All of the Company's obligations set forth in this Section 2(d) which
are outstanding with respect to any Registrable Securities at the time such
security ceases to be a Registrable Security shall survive until such time as
all such obligations with respect to such security have been satisfied in full
(notwithstanding termination of this Agreement).
The parties hereto agree that the Liquidated Damages provided for in
this Section 2(d) constitute a reasonable estimate of the damages that may be
incurred by Holders of Registrable Securities (other than the Initial
Purchasers) by reason of the occurrence of an Event.

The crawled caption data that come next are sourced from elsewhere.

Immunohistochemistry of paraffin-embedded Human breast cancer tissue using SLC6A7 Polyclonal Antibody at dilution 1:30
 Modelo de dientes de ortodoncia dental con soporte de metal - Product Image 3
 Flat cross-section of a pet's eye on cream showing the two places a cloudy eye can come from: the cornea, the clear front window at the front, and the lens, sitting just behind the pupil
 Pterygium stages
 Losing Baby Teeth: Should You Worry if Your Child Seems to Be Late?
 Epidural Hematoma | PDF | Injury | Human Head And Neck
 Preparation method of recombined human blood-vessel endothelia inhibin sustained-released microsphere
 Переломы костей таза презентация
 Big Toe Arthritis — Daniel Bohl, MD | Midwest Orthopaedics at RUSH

3. Registration Procedures. In connection with any Shelf
Registration Statement, the following provisions shall apply:
(a) The Company shall furnish to Xxxxxxx Lynch, Pierce, Xxxxxx &
Xxxxx Incorporated ("Xxxxxxx Xxxxx") and the Special Counsel, prior to the
filing thereof with the Commission, a copy of any Shelf Registration Statement,
and each amendment thereof and each amendment or supplement, if any, to the
Prospectus included therein and shall use its reasonable efforts to reflect in
each such document, when so filed with the Commission, such comments as Xxxxxxx
Xxxxx or the Special Counsel reasonably may propose.
(b) The Company shall ensure that (i) any Shelf Registration
Statement and any amendment thereto and any Prospectus forming part thereof and
any amendment or supplement thereto comply in all material respects with the
Act and the rules and regulations thereunder, (ii) any Shelf Registration
Statement and any amendment thereto does not, when it becomes effective,
contain an untrue statement of a material fact or omit to state a material fact
required to be stated therein or necessary to make the statements therein not
misleading and (iii) any Prospectus forming part of any Shelf Registration
Statement, and any amendment or supplement to such Prospectus, does not include
an untrue statement of a material fact or omit to state a material fact
necessary in order to make the statements therein, in light of the
circumstances under which they were made, not misleading; provided that no
representation or agreement is made hereby with respect to information with
respect to you or any Holder required to be included in any Shelf Registration
Statement or Prospectus pursuant to the Act or the rules and regulations
thereunder or provided by you or any Holder.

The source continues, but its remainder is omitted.